Q. Who would you call first if you won the lottery?
A. Oh no. I don’t know if I’d call anyone. I already have a scheme and a plan about what I’d want to do if I won the lottery, but I don’t know if I’d really want to tell anyone. Probably a couple of the people that I have these plans set up with I would call.
Q. Are these secret plans?
No, not really. I’m really into music, and I obviously have a desire to help kids in any way, shape or form. So coming to YR, if I won the lottery real big, I had this dream of building a YR skyscraper here in Evansville. The dream would be that each program would have their own floor, and we’d have our own offices and down below there could be a floor where there’s basketball and gyms where the kids could hang out.

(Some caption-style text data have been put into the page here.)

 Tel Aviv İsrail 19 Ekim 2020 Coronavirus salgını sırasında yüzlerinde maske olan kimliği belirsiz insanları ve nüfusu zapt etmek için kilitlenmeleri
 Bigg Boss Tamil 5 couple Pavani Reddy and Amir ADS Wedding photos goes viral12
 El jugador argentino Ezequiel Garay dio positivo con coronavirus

But also with my love for music, I thought about building a music venue here in Evansville…smaller venue area where it’s a great place to come and see good music. You could even have local shows in there that are even smaller. But, like a coffee shop attached to it, and then maybe even a place for kids to come and hang out. Just right next door there’s a place in Nashville, RocketTown I think is what it’s called. It’s a skate park on one half and then the other half is a music venue. That’s kind of where that idea comes from: a place where kids can come skate, play ball, whatever, and then on the other side of the building whenever there is an opportunity to have music to have it there. And that’s just my dream. And if the lottery happened, that’s what I’d do.
So, who to call, I don’t know for sure. But, probably call mom. Or my brother. My brother’s pretty financially sound so he might help out. Someone’s gotta help me out.
Q. You’re in an elevator with a stranger. Do you keep quiet or start a conversation?
A. I can’t keep quiet ever, so definitely start a conversation. About what, who knows. But I feel like everyone has a story. If you’re in an elevator with someone, instead of sitting on your phone and worrying about what’s happening in someone else’s life on social media, there’s someone in front of you with the opportunity to tell you what’s going on in their lives that lives here in your community. Who knows what the opportunities may bring about, but it’s just comforting to know that someone wants to talk to you and know what’s going on.
Q. What should adults in our community know about our youth?
A. So, a couple years ago there’s a quote that someone said is, “Right now the youth are only 25% of our population, but they’re 100% of our future.” And so these are the people we need to be encouraging to do big things and leading and pouring into and learning from in other ways as well. There’s gonna be new things that our youth are gonna have to teach us as we get older. And it’s kind of scary. I’m only 27, but sometimes I get called “grandpa” because I don’t know things. So just learning from them as well and not seeing them as people we have to teach all the time and being taught by them because they’re living lives as well. They’re growing up, we’re growing up, but, you know, pouring into them is great and leading them is great and encouraging them in any way, shape or form is awesome, but also seeing the ways they also encourage and shape us and the people we are and being thankful for that. But yeah, just learn from your youth around you instead of trying to teach them all the time.
(Jeff was interviewed by YR Development Director Erin Meyer.)